(Data records)
*****
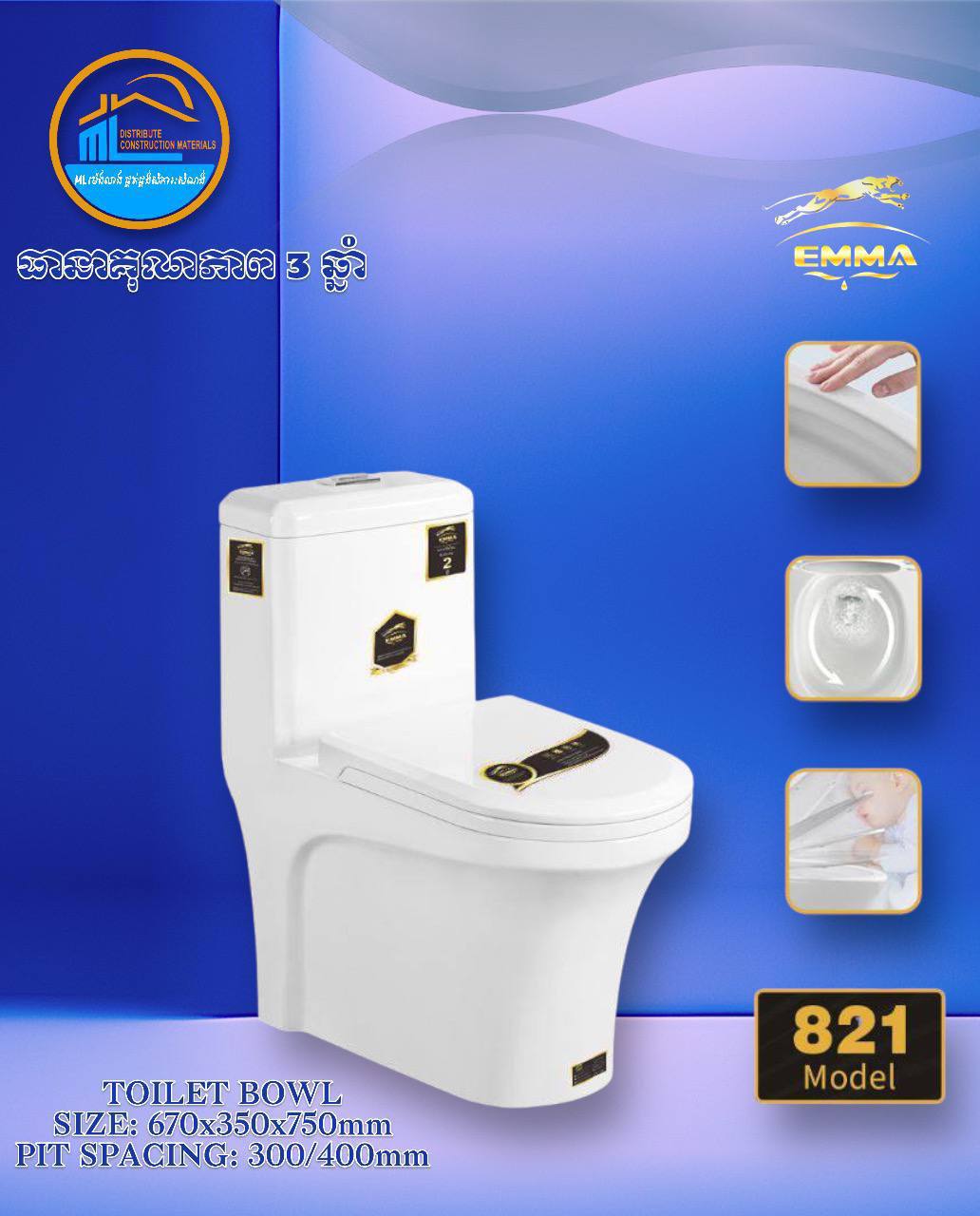 បង្គន់ធុងទឹកជាប់ EMMA Toilet 670x350x750mm 821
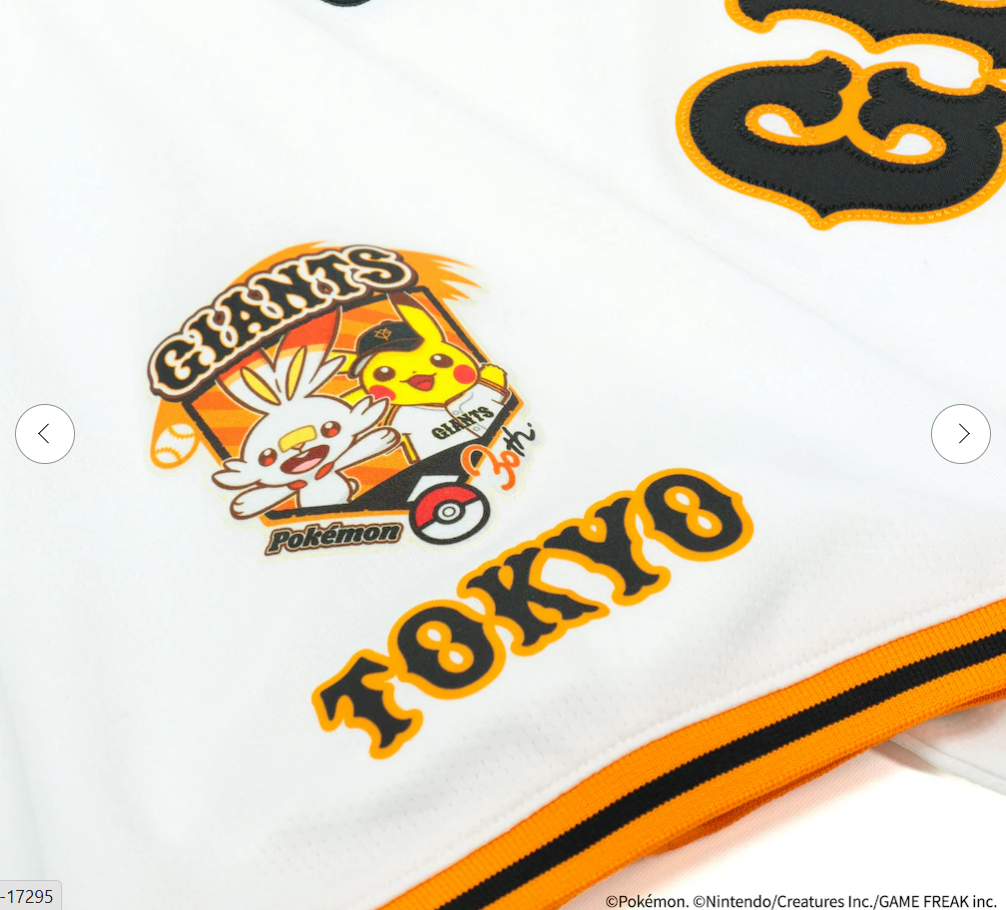 PSL Yomiuri Giants×Pokemon Replica Uniform Jersey Size L Limited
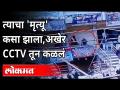 सलून चालकाच्या मृत्यूचा उलगडा CCTV फूटेज मधून | Hair Cutter Man Death In Aurangabad | Maharashtra - Marathi News | Saloon driver's death revealed from CCTV footage | Hair Cutter Man Death In Aurangabad | Maharashtra | Latest maharashtra Videos at Lokmat.com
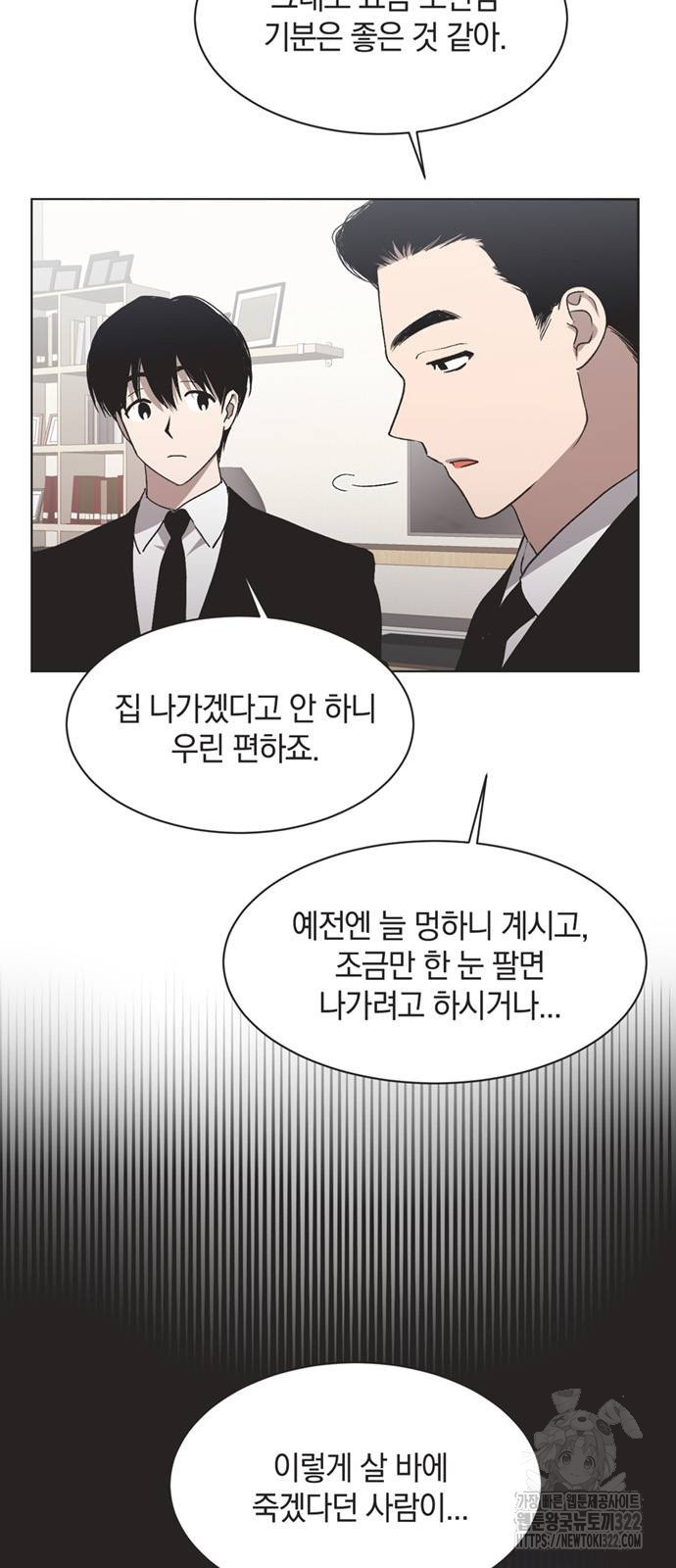 불완전 신데렐라물 14화 8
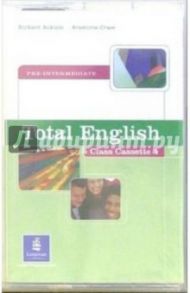 А/к. Total English. Pre-Intermediate: Class cassette (2 штуки) / Acklam Richard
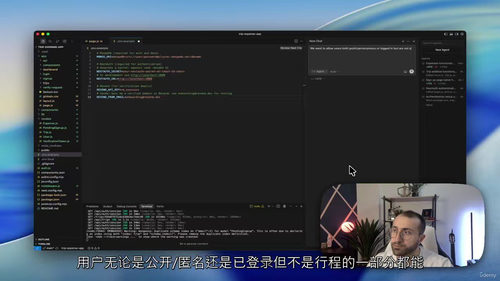 快速构建AI应用——从创意到MVP无需编程 (英文视频课程，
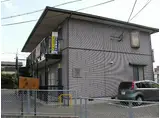 西鉄天神大牟田線 井尻駅 徒歩10分 2階建 築27年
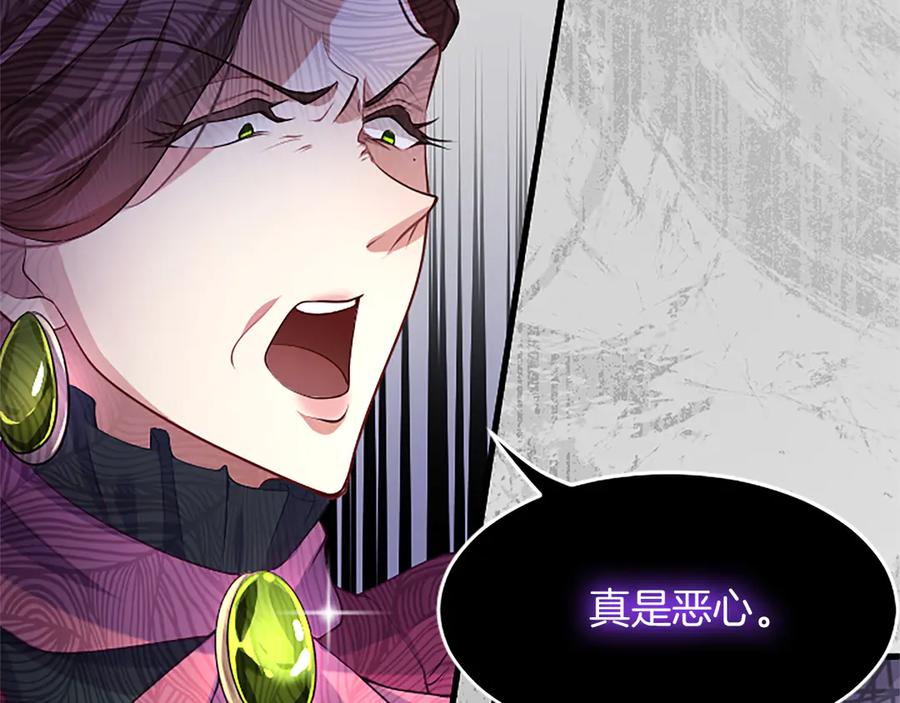 《陛下，这次由我来抚养！》第四话 受罚 第175页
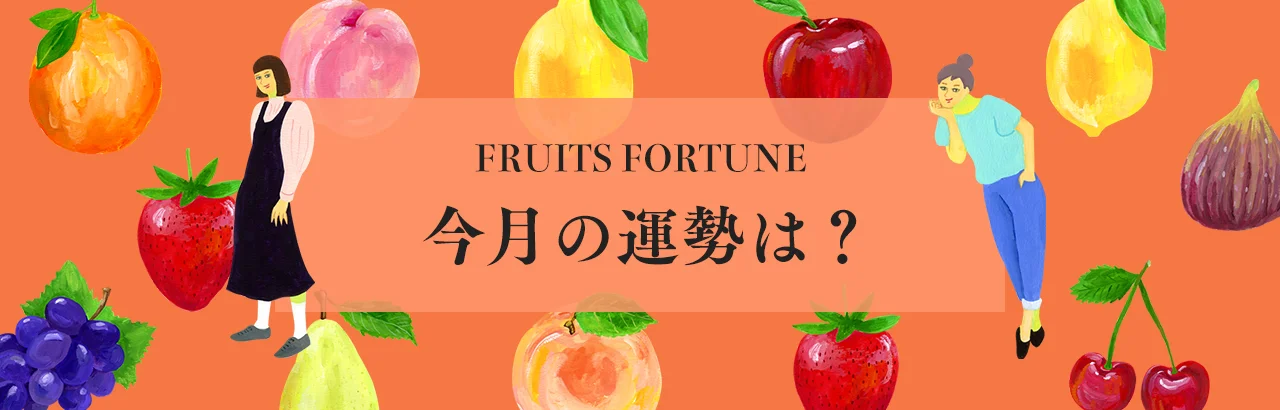 占い師監修 恋愛運を象徴する「いちご」が表す意味Clover クローバー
*****
■ Directions for this task
Copy nothing but the lines above that run from the one with "PSL Yomiuri Giants×Pokemon" to the one with "快速构建AI应用——从创意到MVP无需编程 (英文视频课程，", ends included; pictures stay out.

■ Written reply
 PSL Yomiuri Giants×Pokemon Replica Uniform Jersey Size L Limited
 सलून चालकाच्या मृत्यूचा उलगडा CCTV फूटेज मधून | Hair Cutter Man Death In Aurangabad | Maharashtra - Marathi News | Saloon driver's death revealed from CCTV footage | Hair Cutter Man Death In Aurangabad | Maharashtra | Latest maharashtra Videos at Lokmat.com
 불완전 신데렐라물 14화 8
 А/к. Total English. Pre-Intermediate: Class cassette (2 штуки) / Acklam Richard
 快速构建AI应用——从创意到MVP无需编程 (英文视频课程，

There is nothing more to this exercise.